I speak to a lot of people about AI. About the possibilities for healthcare, the limitations, the tools, and how the Cloud providers help us quickly build models. I decided to explore what it takes to build, train and publish a simple AI model to predict a patient’s insurance charges. In this 5 minute video, I explore how to create a simple ‘cost of care’ prediction model and gain experience with TensorFlow, Google’s open source software library for machine learning with particular focus on training of deep neural networks. I decided to explore the steps that it takes to go from zero to a fully trained published model. In this 5 minute video I’ll show you the steps I had to take to create a blueprint for further investigation.


Hello World with TensorFlow

This adventure is a simple ‘Hello World’ example with TensorFlow and Python. I’ll use the following open source tools and you can read more about each of them by following the links:

These libraries will all be installed into the Docker container, which will be a quick sandpit environment. I will build the model in four simple steps:

  • Step 1 - Build a TensorFlow sandpit environment
  • Step 2 - Setup the Jupyter notebook
  • Step 3 - Build and train the machine learning model using linear regression
  • Step 4 - Publish the prediction model through an API using Flask

Using the example from GitHub

If you’re following along, the only thing you’ll need installed is Docker, and code can be downloaded from GitHub. On GitHub you’ll see a number of helper commands to help things run smoothly.

  • build contains the command to build the Docker container from the Dockerfile.
  • run contains the commands to run our container, and also display the logs.
  • cleanup will stop and delete the Docker container.
  • logs will show the log files of the running container.

You can copy the contents of GitHub to your local machine by running the git command.

git clone https://github.com/fiveminutecloud/fmctensorflow.git

You can also simply download the zip file.

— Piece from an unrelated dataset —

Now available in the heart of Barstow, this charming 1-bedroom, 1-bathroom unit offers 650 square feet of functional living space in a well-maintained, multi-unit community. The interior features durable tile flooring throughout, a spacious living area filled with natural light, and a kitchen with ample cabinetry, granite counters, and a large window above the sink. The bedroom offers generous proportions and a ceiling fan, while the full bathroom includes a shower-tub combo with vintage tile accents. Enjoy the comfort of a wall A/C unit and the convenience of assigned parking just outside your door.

Step 1 - Create the sandpit environment

Now, there are a few ways you can get a sandpit environment. You can use something like AWS SageMaker, Azure Machine Learning, or Google Colab, but for this example i’ll quickly make my own local environment. This helps understand a little more about what’s going on, but is also means I can use data sets which I might not be comfortable with sharing on the Cloud.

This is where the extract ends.